▸ Exercise requirements
Beneath this instruction is a block of data; output from it exactly the lines that run from the one containing "Dolce Vita black" through the one containing "Versace Jeans - Buty.", inclusive.
◆ ◆ ◆ ◆ ◆
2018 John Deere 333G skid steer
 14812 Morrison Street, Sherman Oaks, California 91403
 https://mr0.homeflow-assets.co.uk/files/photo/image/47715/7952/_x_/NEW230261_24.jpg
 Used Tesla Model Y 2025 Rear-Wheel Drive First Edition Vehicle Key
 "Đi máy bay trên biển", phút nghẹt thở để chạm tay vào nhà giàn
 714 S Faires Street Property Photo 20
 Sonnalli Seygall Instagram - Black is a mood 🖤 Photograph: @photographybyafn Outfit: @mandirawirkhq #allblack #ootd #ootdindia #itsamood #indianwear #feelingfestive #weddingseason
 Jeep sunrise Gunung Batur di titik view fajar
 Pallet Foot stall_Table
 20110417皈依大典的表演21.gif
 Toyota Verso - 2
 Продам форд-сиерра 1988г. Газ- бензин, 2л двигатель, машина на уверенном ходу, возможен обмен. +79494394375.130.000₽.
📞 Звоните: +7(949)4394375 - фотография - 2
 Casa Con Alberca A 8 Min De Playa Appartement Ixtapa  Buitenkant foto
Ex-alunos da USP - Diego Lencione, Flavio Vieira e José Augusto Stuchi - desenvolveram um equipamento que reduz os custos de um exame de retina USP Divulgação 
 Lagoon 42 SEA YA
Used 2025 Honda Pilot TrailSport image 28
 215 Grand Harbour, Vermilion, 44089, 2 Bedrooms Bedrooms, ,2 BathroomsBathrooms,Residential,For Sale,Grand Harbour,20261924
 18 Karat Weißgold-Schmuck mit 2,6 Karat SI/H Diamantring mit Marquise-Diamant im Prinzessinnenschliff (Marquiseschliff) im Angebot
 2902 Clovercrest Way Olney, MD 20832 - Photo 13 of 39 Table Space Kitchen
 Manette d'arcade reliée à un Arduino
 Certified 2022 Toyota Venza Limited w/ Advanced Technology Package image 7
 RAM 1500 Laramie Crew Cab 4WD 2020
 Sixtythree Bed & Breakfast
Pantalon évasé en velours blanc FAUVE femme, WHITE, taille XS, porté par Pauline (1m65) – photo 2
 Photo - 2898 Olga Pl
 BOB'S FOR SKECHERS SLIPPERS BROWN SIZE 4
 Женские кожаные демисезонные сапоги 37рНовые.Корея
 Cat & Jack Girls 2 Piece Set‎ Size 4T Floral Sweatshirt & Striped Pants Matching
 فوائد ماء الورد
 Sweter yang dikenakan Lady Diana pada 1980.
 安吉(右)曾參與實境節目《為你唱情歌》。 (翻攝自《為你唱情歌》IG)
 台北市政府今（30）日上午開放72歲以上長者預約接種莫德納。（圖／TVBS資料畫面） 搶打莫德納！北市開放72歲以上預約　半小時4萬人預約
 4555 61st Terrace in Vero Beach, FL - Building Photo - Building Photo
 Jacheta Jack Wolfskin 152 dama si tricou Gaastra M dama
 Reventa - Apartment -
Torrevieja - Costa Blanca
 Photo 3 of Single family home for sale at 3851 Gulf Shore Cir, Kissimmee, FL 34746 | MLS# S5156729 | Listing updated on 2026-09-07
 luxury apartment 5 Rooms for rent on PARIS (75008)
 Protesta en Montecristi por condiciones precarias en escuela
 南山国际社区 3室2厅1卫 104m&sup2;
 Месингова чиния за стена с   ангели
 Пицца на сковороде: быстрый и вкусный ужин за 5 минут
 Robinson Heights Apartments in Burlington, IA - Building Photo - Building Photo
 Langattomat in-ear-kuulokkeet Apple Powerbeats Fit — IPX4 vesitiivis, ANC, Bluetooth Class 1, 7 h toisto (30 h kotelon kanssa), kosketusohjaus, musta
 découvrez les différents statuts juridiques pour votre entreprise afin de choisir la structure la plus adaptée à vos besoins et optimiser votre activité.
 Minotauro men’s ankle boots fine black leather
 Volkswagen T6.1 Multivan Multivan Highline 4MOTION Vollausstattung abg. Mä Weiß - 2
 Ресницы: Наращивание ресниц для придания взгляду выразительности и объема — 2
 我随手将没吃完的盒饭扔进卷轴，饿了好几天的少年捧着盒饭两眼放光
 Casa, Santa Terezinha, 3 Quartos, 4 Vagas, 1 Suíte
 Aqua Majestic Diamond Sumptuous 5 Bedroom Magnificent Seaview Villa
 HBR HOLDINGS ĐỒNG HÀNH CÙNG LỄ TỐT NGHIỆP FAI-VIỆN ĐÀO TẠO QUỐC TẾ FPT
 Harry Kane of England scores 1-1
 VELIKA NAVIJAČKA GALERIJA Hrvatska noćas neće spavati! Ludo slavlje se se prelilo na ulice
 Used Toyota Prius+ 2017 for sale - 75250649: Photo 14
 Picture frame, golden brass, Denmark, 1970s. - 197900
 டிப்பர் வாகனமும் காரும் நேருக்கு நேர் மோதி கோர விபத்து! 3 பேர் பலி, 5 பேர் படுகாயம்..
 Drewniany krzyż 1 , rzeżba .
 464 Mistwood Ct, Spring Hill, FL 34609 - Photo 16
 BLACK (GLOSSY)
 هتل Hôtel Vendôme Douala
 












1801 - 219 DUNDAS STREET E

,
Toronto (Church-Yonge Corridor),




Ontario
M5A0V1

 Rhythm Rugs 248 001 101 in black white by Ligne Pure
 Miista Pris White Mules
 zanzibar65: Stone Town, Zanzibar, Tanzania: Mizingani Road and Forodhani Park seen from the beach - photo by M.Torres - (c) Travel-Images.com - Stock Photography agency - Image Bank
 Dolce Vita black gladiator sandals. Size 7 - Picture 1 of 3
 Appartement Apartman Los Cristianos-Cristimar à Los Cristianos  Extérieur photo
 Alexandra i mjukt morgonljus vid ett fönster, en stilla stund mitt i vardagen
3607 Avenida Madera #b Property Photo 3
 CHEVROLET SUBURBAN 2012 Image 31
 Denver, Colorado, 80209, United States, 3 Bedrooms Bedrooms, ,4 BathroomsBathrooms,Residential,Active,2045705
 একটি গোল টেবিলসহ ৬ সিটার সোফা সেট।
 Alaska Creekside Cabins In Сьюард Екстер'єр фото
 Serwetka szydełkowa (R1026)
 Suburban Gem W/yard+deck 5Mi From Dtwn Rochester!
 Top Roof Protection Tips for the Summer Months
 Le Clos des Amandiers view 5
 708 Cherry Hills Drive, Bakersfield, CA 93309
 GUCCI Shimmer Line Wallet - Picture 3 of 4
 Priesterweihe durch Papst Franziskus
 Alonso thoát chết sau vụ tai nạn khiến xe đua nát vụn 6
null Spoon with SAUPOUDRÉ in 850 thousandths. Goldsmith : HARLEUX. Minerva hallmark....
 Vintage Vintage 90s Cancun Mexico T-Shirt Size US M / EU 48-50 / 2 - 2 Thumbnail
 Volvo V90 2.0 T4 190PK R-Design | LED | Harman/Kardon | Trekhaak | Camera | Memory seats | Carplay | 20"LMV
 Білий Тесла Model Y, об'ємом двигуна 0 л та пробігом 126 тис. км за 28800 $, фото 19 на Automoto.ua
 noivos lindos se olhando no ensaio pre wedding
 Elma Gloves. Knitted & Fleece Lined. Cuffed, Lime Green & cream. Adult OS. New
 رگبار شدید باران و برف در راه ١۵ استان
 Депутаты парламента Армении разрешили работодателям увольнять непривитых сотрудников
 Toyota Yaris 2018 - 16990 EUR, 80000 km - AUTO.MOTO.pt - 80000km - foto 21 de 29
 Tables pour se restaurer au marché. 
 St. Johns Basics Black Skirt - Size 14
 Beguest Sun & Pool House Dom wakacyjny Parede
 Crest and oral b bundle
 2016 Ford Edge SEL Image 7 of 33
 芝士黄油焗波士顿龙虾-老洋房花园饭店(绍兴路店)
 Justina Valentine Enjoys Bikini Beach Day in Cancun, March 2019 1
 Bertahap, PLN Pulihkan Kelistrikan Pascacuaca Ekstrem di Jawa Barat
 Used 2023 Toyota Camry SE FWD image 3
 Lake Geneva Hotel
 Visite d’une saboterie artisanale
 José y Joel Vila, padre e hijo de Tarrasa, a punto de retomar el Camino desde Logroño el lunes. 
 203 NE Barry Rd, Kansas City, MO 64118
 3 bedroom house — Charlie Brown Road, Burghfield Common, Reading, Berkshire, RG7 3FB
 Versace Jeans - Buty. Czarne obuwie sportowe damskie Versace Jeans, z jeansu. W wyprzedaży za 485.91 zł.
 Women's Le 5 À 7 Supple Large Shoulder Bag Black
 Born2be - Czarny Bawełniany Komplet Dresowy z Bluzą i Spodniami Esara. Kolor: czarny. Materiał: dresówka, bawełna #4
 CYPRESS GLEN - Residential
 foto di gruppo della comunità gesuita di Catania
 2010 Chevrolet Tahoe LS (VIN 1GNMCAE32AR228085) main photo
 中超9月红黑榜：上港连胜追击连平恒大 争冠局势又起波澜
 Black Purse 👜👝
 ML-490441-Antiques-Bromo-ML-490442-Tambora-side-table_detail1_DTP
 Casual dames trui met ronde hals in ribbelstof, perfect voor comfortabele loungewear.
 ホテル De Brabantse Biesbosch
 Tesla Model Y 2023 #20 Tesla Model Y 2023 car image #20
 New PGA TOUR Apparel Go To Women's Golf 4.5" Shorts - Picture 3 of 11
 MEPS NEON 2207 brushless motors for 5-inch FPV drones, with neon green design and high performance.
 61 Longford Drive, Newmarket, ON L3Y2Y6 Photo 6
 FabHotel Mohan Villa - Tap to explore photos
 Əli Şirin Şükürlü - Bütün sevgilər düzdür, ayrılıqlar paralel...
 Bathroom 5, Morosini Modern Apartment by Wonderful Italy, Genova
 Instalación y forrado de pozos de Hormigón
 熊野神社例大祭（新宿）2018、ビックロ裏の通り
◆ ◆ ◆ ◆ ◆
▸ Response
 Dolce Vita black gladiator sandals. Size 7 - Picture 1 of 3
 Appartement Apartman Los Cristianos-Cristimar à Los Cristianos  Extérieur photo
 Alexandra i mjukt morgonljus vid ett fönster, en stilla stund mitt i vardagen
3607 Avenida Madera #b Property Photo 3
 CHEVROLET SUBURBAN 2012 Image 31
 Denver, Colorado, 80209, United States, 3 Bedrooms Bedrooms, ,4 BathroomsBathrooms,Residential,Active,2045705
 একটি গোল টেবিলসহ ৬ সিটার সোফা সেট।
 Alaska Creekside Cabins In Сьюард Екстер'єр фото
 Serwetka szydełkowa (R1026)
 Suburban Gem W/yard+deck 5Mi From Dtwn Rochester!
 Top Roof Protection Tips for the Summer Months
 Le Clos des Amandiers view 5
 708 Cherry Hills Drive, Bakersfield, CA 93309
 GUCCI Shimmer Line Wallet - Picture 3 of 4
 Priesterweihe durch Papst Franziskus
 Alonso thoát chết sau vụ tai nạn khiến xe đua nát vụn 6
null Spoon with SAUPOUDRÉ in 850 thousandths. Goldsmith : HARLEUX. Minerva hallmark....
 Vintage Vintage 90s Cancun Mexico T-Shirt Size US M / EU 48-50 / 2 - 2 Thumbnail
 Volvo V90 2.0 T4 190PK R-Design | LED | Harman/Kardon | Trekhaak | Camera | Memory seats | Carplay | 20"LMV
 Білий Тесла Model Y, об'ємом двигуна 0 л та пробігом 126 тис. км за 28800 $, фото 19 на Automoto.ua
 noivos lindos se olhando no ensaio pre wedding
 Elma Gloves. Knitted & Fleece Lined. Cuffed, Lime Green & cream. Adult OS. New
 رگبار شدید باران و برف در راه ١۵ استان
 Депутаты парламента Армении разрешили работодателям увольнять непривитых сотрудников
 Toyota Yaris 2018 - 16990 EUR, 80000 km - AUTO.MOTO.pt - 80000km - foto 21 de 29
 Tables pour se restaurer au marché. 
 St. Johns Basics Black Skirt - Size 14
 Beguest Sun & Pool House Dom wakacyjny Parede
 Crest and oral b bundle
 2016 Ford Edge SEL Image 7 of 33
 芝士黄油焗波士顿龙虾-老洋房花园饭店(绍兴路店)
 Justina Valentine Enjoys Bikini Beach Day in Cancun, March 2019 1
 Bertahap, PLN Pulihkan Kelistrikan Pascacuaca Ekstrem di Jawa Barat
 Used 2023 Toyota Camry SE FWD image 3
 Lake Geneva Hotel
 Visite d’une saboterie artisanale
 José y Joel Vila, padre e hijo de Tarrasa, a punto de retomar el Camino desde Logroño el lunes. 
 203 NE Barry Rd, Kansas City, MO 64118
 3 bedroom house — Charlie Brown Road, Burghfield Common, Reading, Berkshire, RG7 3FB
 Versace Jeans - Buty. Czarne obuwie sportowe damskie Versace Jeans, z jeansu. W wyprzedaży za 485.91 zł.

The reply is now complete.